Private equity firm KKR & Co LLP on Tuesday filed with the Securities and Exchange Commission to raise as much as US$1.25 billion in an initial public offering (IPO), following in the footsteps of rival Blackstone Group.
The leveraged buyout powerhouse that is best known for its US$25.1 billion purchase of RJR Nabisco, hopes to trade on the New York Stock Exchange under the ticker symbol "KKR." The firm, launched by Henry Kravis and George Roberts in 1976, said it expects to use the offering's proceeds to grow its business.
The IPO will come amid fresh pressure on private equity firms, especially after the 4.1 percent drop in rival Blackstone Group LP's shares since its US$4.75 billion offering on June 21. Buyout shops are facing a standoff with Congress over plans to make the firms pay a higher tax rate and scrutiny on Wall Street that funding might be drying up for the recent spate of mega-deals.
For many investors, Blackstone's IPO presented a rare opportunity to get in on the booming private equity industry -- which buys struggling companies, turns them around, and cashes in by taking them public again or selling them to other firms.
KKR has been one of the most prolific private equity firms, scoring the two biggest deals in US history with proposed buyouts of TXU Corp. and First Data Corp.
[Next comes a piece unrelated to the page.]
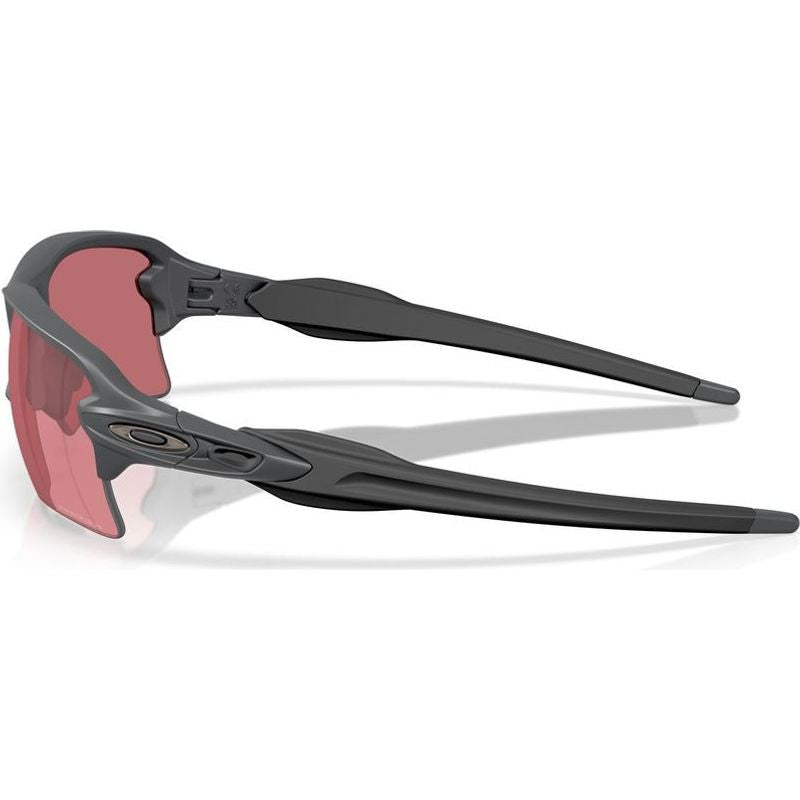 Flak 2.0 XXL, Matte Carbon/Prizm Dark Golf Lenses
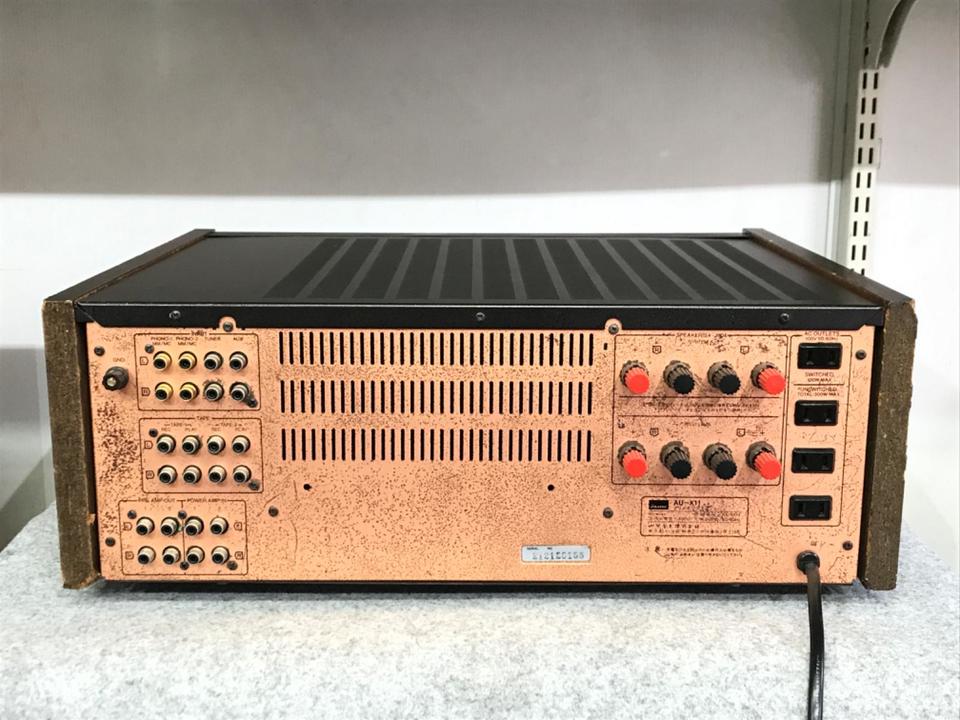 AU-X11 SANSUI - 中古オーディオ 高価買取・販売 ハイファイ堂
`"We believe that our strong brand name in the financial services industry will support growth through acquisitions or combinations with similarly strong franchises that will complement our existing activities," KKR's filing said. "By adding our products and brand to the products of acquired companies, we believe we will be well positioned to create significant value for our stakeholders."
Like with Blackstone, investors buying KKR units will have no control of the firm's managing partner and will not vote in the election or removal of its directors.
Stephen Schwarzman and Peter Peterson, who started Blackstone, took home US$2.56 billion in the much-hyped public offering of its management partnership.
KKR, which said it does not have any current acquisition plans, had about US$53.4 billion in assets under management as of March 31, up from US$18.3 billion at the end of 2002. The firm boasts the first US$1 billion-plus leveraged buyout among its achievements and last year earned US$1.11 billion in full-year profit -- up 12 percent from US$941.5 million in 2005.
Among the risk factors KKR listed in its SEC filing for the IPO, it said its earnings and cash flow are highly variable, and that it doesn't plan on providing any earnings guidance, which could make the price of its units volatile.
KKR did not disclose the number of shares it will offer, or the price. The US$1.25 billion value was an estimate used to calculate the SEC registration fee. The firm's existing owners will not sell any partnership units or receive any of the offering's proceeds.
KKR said it expects to complete the proposed offering during the third or fourth quarter of this year.
The offering's underwriters include Morgan Stanley and Citigroup Global Markets, both among the 16 investment banks that also underwrote Blackstone's IPO.